**Task requirements:** Copy whichever lines of the data hold the word "Wohnung".

[Short web captions]
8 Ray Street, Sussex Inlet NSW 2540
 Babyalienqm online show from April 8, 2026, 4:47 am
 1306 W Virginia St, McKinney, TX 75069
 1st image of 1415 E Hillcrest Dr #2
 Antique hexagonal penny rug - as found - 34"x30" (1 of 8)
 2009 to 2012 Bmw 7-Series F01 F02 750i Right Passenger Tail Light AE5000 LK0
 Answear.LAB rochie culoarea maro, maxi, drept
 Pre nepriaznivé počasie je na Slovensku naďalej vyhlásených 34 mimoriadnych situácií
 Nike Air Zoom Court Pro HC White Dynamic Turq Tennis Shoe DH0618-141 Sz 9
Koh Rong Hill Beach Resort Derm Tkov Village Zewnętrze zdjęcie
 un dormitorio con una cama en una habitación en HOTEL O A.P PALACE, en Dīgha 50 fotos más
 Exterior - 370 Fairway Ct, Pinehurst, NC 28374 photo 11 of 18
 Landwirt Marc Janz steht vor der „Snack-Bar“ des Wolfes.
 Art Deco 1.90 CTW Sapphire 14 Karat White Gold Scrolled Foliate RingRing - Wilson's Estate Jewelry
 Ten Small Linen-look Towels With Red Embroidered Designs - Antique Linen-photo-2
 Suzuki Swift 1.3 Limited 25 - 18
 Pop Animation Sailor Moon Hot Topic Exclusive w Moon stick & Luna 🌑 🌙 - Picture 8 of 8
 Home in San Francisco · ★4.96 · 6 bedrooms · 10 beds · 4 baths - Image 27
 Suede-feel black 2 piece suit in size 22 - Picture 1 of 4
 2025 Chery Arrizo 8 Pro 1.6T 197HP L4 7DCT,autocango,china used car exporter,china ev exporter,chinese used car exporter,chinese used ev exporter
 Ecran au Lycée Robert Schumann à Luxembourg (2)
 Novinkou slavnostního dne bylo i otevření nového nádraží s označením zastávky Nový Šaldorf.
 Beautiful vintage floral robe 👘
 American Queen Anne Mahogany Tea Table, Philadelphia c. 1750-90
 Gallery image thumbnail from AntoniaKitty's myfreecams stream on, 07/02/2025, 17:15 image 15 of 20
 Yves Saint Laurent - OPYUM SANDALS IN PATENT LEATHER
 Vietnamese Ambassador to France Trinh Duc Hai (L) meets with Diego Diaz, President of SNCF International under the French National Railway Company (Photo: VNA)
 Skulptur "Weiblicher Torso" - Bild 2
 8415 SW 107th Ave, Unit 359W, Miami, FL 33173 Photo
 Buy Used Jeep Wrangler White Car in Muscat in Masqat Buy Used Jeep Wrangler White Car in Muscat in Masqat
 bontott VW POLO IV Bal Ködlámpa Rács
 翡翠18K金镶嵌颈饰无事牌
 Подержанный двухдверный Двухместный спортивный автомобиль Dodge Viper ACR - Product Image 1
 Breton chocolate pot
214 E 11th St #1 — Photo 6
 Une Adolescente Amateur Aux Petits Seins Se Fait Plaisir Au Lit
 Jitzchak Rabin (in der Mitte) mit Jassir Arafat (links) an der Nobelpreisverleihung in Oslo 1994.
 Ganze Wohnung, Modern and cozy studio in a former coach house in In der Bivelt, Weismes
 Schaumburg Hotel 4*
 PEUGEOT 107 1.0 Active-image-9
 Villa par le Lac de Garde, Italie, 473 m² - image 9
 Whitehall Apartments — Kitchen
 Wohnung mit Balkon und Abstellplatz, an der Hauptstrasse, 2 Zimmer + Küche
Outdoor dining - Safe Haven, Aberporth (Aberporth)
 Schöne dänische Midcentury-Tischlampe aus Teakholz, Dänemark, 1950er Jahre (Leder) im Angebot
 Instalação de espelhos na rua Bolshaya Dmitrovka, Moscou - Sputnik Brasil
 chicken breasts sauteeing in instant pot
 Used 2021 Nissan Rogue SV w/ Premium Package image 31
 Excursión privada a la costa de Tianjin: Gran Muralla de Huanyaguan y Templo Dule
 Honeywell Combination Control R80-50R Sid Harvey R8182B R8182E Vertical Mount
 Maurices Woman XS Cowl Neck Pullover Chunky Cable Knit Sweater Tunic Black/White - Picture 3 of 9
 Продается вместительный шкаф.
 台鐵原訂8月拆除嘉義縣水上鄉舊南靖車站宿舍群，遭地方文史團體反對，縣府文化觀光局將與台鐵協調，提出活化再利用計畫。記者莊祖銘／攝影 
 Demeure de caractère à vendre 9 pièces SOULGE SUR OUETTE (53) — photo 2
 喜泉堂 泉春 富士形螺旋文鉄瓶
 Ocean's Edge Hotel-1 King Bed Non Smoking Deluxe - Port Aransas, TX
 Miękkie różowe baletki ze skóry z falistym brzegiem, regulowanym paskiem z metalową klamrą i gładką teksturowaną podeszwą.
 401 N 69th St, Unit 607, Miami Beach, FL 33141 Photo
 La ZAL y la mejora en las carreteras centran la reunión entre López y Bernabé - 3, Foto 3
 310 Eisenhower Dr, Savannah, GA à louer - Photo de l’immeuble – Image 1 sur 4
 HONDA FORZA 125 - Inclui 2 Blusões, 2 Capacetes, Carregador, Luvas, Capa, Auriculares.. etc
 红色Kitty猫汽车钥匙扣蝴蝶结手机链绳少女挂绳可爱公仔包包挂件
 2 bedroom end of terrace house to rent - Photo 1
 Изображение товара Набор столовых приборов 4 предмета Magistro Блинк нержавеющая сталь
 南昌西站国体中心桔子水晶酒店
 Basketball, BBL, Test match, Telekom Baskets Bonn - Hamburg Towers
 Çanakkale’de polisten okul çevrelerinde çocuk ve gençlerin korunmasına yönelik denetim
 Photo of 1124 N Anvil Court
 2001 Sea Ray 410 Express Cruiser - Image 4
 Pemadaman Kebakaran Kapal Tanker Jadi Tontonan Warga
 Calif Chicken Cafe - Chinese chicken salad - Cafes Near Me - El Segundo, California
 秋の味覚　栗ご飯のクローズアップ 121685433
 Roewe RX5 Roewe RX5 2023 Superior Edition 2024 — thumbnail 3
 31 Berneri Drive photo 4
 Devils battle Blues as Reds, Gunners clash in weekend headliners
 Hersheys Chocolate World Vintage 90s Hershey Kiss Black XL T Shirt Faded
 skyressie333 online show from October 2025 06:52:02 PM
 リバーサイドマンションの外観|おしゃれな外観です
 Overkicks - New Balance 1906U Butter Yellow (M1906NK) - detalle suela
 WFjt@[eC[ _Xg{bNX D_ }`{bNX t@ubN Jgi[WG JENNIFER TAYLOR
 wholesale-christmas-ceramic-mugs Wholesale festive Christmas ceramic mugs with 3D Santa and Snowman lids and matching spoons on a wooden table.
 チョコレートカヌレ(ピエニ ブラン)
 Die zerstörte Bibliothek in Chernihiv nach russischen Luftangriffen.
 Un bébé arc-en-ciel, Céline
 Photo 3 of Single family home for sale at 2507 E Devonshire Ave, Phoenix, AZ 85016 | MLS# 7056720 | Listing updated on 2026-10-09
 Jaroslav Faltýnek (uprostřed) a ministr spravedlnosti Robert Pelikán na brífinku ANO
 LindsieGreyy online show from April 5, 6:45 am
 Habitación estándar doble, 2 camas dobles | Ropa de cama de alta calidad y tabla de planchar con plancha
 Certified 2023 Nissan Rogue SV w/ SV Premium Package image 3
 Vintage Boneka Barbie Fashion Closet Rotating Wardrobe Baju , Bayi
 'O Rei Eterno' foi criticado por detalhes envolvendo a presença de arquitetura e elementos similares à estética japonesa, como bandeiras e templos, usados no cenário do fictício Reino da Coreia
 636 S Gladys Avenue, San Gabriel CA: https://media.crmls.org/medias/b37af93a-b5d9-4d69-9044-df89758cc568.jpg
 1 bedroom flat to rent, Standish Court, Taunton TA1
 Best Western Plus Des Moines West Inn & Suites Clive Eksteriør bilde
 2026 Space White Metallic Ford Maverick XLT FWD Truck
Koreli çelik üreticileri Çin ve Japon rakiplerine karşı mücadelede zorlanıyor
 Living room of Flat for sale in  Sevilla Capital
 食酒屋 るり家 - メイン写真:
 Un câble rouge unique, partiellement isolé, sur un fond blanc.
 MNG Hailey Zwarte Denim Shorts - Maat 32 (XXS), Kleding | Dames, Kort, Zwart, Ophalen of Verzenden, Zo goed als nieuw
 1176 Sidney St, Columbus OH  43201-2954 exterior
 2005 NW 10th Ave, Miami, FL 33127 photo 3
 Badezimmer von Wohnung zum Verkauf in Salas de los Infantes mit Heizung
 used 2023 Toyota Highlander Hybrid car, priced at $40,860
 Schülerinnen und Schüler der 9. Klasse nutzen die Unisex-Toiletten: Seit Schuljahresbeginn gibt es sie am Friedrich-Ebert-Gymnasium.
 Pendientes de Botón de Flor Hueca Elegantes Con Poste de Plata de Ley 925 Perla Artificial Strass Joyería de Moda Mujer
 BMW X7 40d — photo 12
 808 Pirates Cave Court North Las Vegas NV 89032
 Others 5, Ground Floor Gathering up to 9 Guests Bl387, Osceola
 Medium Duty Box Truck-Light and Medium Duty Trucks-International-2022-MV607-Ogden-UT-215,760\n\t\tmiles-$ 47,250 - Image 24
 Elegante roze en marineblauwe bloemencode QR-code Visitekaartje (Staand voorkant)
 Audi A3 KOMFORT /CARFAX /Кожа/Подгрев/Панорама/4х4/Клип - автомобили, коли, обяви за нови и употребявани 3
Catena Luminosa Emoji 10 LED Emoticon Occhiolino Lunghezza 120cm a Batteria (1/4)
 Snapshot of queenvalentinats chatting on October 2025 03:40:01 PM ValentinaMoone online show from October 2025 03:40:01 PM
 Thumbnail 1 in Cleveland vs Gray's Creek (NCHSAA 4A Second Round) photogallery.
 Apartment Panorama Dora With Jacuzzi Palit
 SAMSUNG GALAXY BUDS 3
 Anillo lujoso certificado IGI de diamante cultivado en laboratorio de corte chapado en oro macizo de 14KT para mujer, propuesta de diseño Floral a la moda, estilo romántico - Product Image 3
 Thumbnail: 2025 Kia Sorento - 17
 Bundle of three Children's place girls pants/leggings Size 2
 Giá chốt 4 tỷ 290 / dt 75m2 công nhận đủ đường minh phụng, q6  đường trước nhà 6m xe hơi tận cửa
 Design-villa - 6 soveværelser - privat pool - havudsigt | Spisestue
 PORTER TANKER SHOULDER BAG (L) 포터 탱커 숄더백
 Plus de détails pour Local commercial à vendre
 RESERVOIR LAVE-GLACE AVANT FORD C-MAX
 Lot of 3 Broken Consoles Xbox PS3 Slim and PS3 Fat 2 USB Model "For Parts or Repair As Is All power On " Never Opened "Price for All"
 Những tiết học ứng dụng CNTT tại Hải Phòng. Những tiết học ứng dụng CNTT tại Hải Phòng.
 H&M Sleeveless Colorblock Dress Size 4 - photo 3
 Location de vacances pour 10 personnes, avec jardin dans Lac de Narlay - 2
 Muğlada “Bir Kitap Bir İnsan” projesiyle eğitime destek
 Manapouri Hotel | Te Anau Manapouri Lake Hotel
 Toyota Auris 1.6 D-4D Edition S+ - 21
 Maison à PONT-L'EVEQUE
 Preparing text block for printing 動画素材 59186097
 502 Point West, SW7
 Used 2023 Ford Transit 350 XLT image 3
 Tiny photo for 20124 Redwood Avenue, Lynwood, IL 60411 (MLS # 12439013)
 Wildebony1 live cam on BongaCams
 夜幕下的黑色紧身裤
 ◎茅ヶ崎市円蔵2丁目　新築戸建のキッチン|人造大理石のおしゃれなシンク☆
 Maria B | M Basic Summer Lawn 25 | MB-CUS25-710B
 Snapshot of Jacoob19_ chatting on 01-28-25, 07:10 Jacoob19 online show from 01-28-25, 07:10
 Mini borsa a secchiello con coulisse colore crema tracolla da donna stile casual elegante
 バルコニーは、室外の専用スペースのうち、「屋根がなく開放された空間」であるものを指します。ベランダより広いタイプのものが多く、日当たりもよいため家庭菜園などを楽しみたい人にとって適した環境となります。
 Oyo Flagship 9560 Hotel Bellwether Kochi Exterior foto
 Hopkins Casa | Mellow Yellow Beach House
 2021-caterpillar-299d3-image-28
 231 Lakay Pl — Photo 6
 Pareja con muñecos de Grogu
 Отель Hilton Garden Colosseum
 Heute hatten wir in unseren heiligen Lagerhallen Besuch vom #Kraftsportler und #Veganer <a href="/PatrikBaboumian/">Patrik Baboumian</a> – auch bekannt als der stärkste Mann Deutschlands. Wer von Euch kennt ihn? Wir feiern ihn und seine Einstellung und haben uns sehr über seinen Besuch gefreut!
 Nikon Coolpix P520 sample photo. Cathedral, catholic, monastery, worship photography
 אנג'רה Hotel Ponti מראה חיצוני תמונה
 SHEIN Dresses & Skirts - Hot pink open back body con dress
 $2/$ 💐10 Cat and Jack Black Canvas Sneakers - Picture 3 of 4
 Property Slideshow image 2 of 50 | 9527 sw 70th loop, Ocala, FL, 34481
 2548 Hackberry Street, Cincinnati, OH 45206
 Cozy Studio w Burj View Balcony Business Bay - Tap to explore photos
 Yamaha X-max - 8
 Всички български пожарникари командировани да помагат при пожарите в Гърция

**Response below:**
 Ganze Wohnung, Modern and cozy studio in a former coach house in In der Bivelt, Weismes
 Wohnung mit Balkon und Abstellplatz, an der Hauptstrasse, 2 Zimmer + Küche
 Badezimmer von Wohnung zum Verkauf in Salas de los Infantes mit Heizung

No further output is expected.